The Purpose of Bankruptcy Law – A Reading of Bankruptcy Law
The Bankruptcy Law No. 21 of 2018 was issued on 7/5/2018 and took effect after one hundred and eighty days from its publication in the Official Gazette, making it effective on 12/11/2018. Based on this law, the Bankruptcy System No. 8 of 2019 was issued on 16/1/2019, and it became effective from the date of its publication in the Official Gazette on 17/2/2019.
This law was enacted to regulate the provisions of debtor insolvency and the legal methods for rectifying their financial situation and reorganizing their business through restructuring their economic activity within the legal framework and conditions specified by the law without compromising the debtor’s rights, avoiding restrictive measures on their freedom, and preserving their dignity and that of their families.
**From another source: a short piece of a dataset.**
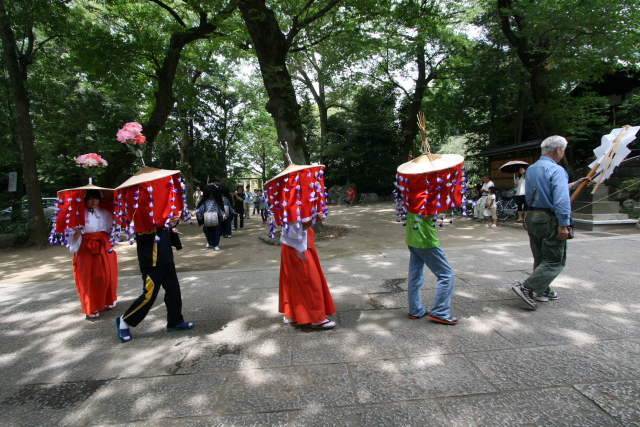 �� �� �T �� ��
At the same time, it protects the rights of related parties.
This law is based on legal and economic principles aimed at protecting the investment environment and assisting debtors in overcoming their financial distress instead of the usual procedures of closing down and liquidating companies. It provides an opportunity for insolvent debtors to reorganize their business and economic activity in case of suspension or inability to repay their debts when due, or when it is expected that they will be unable to repay their debts in the future within six months despite their current ability to do so. Economic activity refers to commercial, industrial, agricultural, professional, service, or artisanal activities and any other purposes carried out in an economic establishment.
The legislator distinguishes between actual bankruptcy and impending bankruptcy as follows:
Actual bankruptcy is when the debtor stops or is unable to regularly repay their due debts or when their total liabilities exceed the total value of their assets, meaning when their total obligations exceed their assets or the assets of their individual enterprise.
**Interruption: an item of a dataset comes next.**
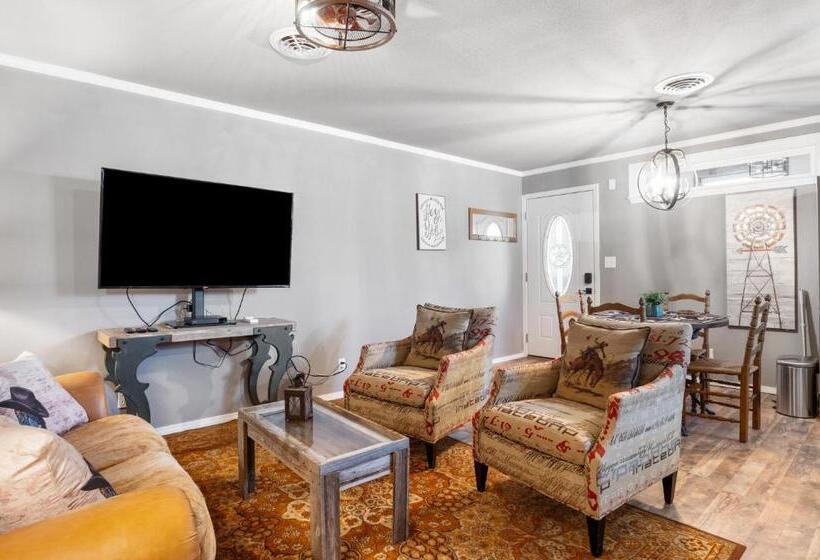 بنسيون Salt Block   The Cowboy Suite 4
Impending bankruptcy is the situation where it is expected that the debtor will lose their future ability to repay their debts when due within six months, despite their current ability to do so. This means that the debtor has the financial capacity to meet immediate obligations, but according to their accounting records, they will be unable to meet future financial requirements when due within six months.
The question arises as to who is considered an insolvent debtor, as defined by the Bankruptcy Law in its second article, which states that an insolvent debtor is a natural or legal person subject to bankruptcy or impending bankruptcy. The provisions of the Bankruptcy Law apply to any person engaged in economic activity, including:
- Legal entities, including civil companies and government-owned companies.
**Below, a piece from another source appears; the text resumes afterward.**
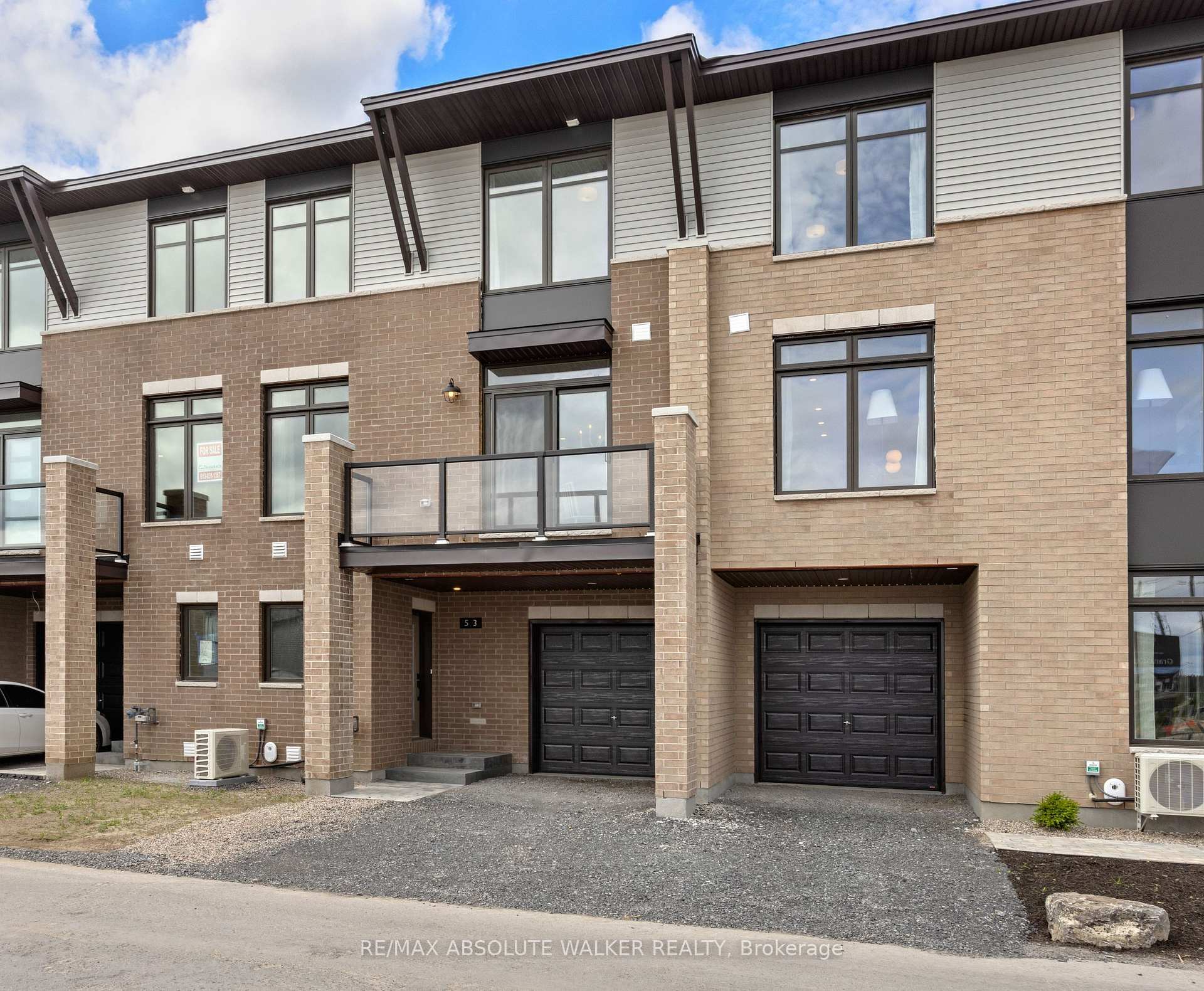 Photo 2 of 513 Pantanal Private, Ottawa, Blossom Park/Kemp Park/Findlay Creek — HOMEH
- Merchants who own individual enterprises – these are registered in the commercial registry at the Central Registry Directorate in the Ministry of Industry, Trade, and Supply. Despite not having legal personality, this legislation is advanced to assist merchants and owners of individual enterprises as they primarily engage in economic activities.
- This law does not apply to banks, insurance companies, associations, clubs, and natural persons subject to civil law – except for registered and licensed professionals working according to applicable regulations – as well as ministries, government departments, public official institutions, public institutions, and municipalities.